Burnley Football Club have announced a net profit of £22.2m during the financial year ending June 2017.
That comes despite staff costs rising from £38m to £61m, with turnover increasing threefold to £121m.
The profit compares to a net loss of £3.74m the previous season, when the Clarets won the Championship title to make an instant return to the Premier League.
The figure compares favourably with the record £30.1m profit recorded in June 2015, and has subsequently laid the foundations for the club to secure back-to-back top-flight seasons for the first time since 1974.
In a statement to shareholders, chairman Mike Garlick said: “Following our Championship winning season in 2015/16, we felt it was essential that the club should finally retain its place in the Premier League for the 2017/18 season, at what would have been the third time of asking.
“Given that we benefited from the first season of improved TV broadcasting rights, which guaranteed a minimum payment of £95m, we felt we had never been in a better position to retain our status in the world’s most competitive league.

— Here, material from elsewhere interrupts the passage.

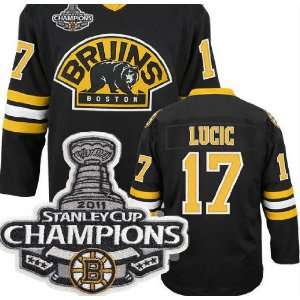  Kids 2011 Stanley CUP Champions Patch #17 Milan Lucic 3rd Black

“While major investments were made in the playing squad during the close season, we believe it is important that all shareholders and fans understand we are still a club that develops talent, especially at the senior level.
“As we hopefully continue to maintain our Premier League status, this will become a key feature of sustaining our profitability, which we feel is essential if we are to maintain our stability as a club that thinks and plans for the long-term, rather than making poor, short-term decisions under financial pressure.”
Mr Garlick added: “While our wage bill is still one of the lower ones in the division, it is most certainly not the lowest and, coupled with our player incentive schemes, we believe we now have a wage structure capable of attracting playing talent of a sufficient ability to vastly improve the chance of maintaining our place in the top-flight, compared to our previous attempts.
“It is also worth noting that while our profits appear very healthy, we do have to maintain a very close eye on cash flow and keep a very close watch on all our costs.
“There are so many examples of clubs that lose their grip on this area and, upon relegation, disappear into relative oblivion, or suffer distressing times for several reasons, which of course is something we must avoid.”
Elsewhere in the annual accounts, match income rose from £4.98m to £5.84m, catering sales increased from £1.58m to £2.41m, retail sales grew from £1.1m to £1.66m and other commercial activities were up significantly from £2.72m to £6.28m.